Nichtsdestotrotz begingen wir unser vorerst letztes freies Wochenende mit Müßiggang. Wir schliefen aus, frühstückten ausgiebig und da das Wetter es zuließ, unternahmen wir ausgedehnte Spaziergänge durch die weiten Felder. Die Kinder entdeckten immer wieder neues Getier, spielten im Herbstlaub und Boomer sprang aufgeregt kläffend um sie herum.

Ich hörte keine merkwürdigen Geräusche mehr und Frank hatte mich inzwischen davon überzeugt, dass es sich wahrscheinlich um einen Siebenschläfer gehandelt haben musste. Er richtete sich womöglich sein Winterquartier auf unserem Dachboden über der Küche ein.

Ich war nahe dran nach diesem Viech zu suchen, gab es aber auf, als ich feststellte, dass man nur über eine wackelige Leiter im Holzschuppen auf den Dachboden hinaufklettern konnte. Der bloße Gedanke an eine solche Kraxelei jagte mir schon einen Schauer über den Rücken. Also ließ ich es bleiben.

Am Abend des letzten freien Tages brachten wir die völlig verausgabten Kinder ins Bett und machten es uns vor dem Kamin gemütlich. Das Feuer prasselte leise vor sich hin und manchmal knackte einer der Scheite. Wohlige Wärme breitete sich im näheren Umkreis aus. Frank holte sich ein Buch, um zu lesen. Ich legte mir meine Wolldecke über die Knie und klappte den Laptop auf.

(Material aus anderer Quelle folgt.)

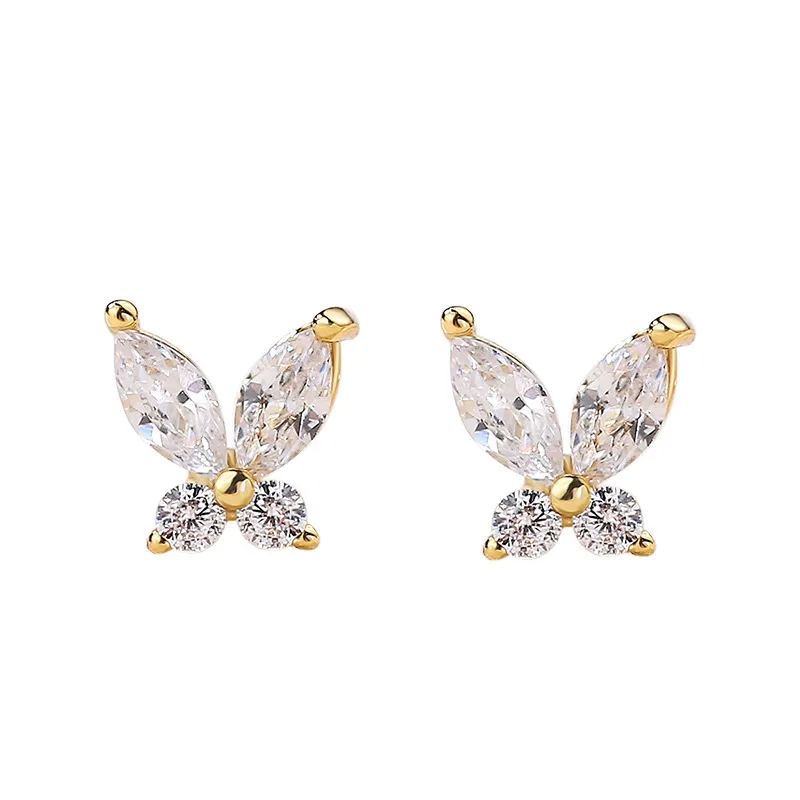 Bulk Wholesale Cute Earring Charms Gold Plated 925 Silver Tiny Butterfly CZ Earrings Stud
Bulk Wholesale Cute Earring Charms Gold Plated 925 Silver Tiny Butterfly CZ Earrings Stud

„Hast du gesehen wie schön sauber die Kaminplatte ist?“, fragte ich, als er sich auf den Sessel zu meiner Rechten fallen lies.

„Ja, habe ich. Sieht gut aus. Womit hast du den Ruß denn weg bekommen?“

„Mit scharfem Scheuermittel und einer Zahnbürste.“

„Hoffentlich nicht mit meiner“, sagte er und grinste.

„Deine Zähne sehen auch gut aus …“ Um meine Mundwinkel zuckte es amüsiert.

Er stutzte, dann lachte er.

„Quatsch, natürlich mit einer alten“, sagte ich immer noch lächelnd. „Ich war überrascht von dem schönen Motiv. Da hat sich jemand viel Mühe gegeben. Es stehen auch zwei Namen drauf und eine Jahreszahl.“

„Habe ich gesehen. Meinst du das waren die Leute, die den Hof gebaut haben?“

„Laut dem Makler soll der Hof noch viel älter sein. Das passt nicht zur Jahreszahl. Angeblich soll er schon im dreißigjährigen Krieg existiert haben. Natürlich nicht in der Form wie heute. Fest steht nur, dass diese Menschen hier gelebt haben. Ich wollte jetzt ins Internet, um nach ihnen zu suchen. Vielleicht finde ich noch mehr über sie heraus.“

„Viel Erfolg“, sagte er zweifelnd und schlug sein Buch auf.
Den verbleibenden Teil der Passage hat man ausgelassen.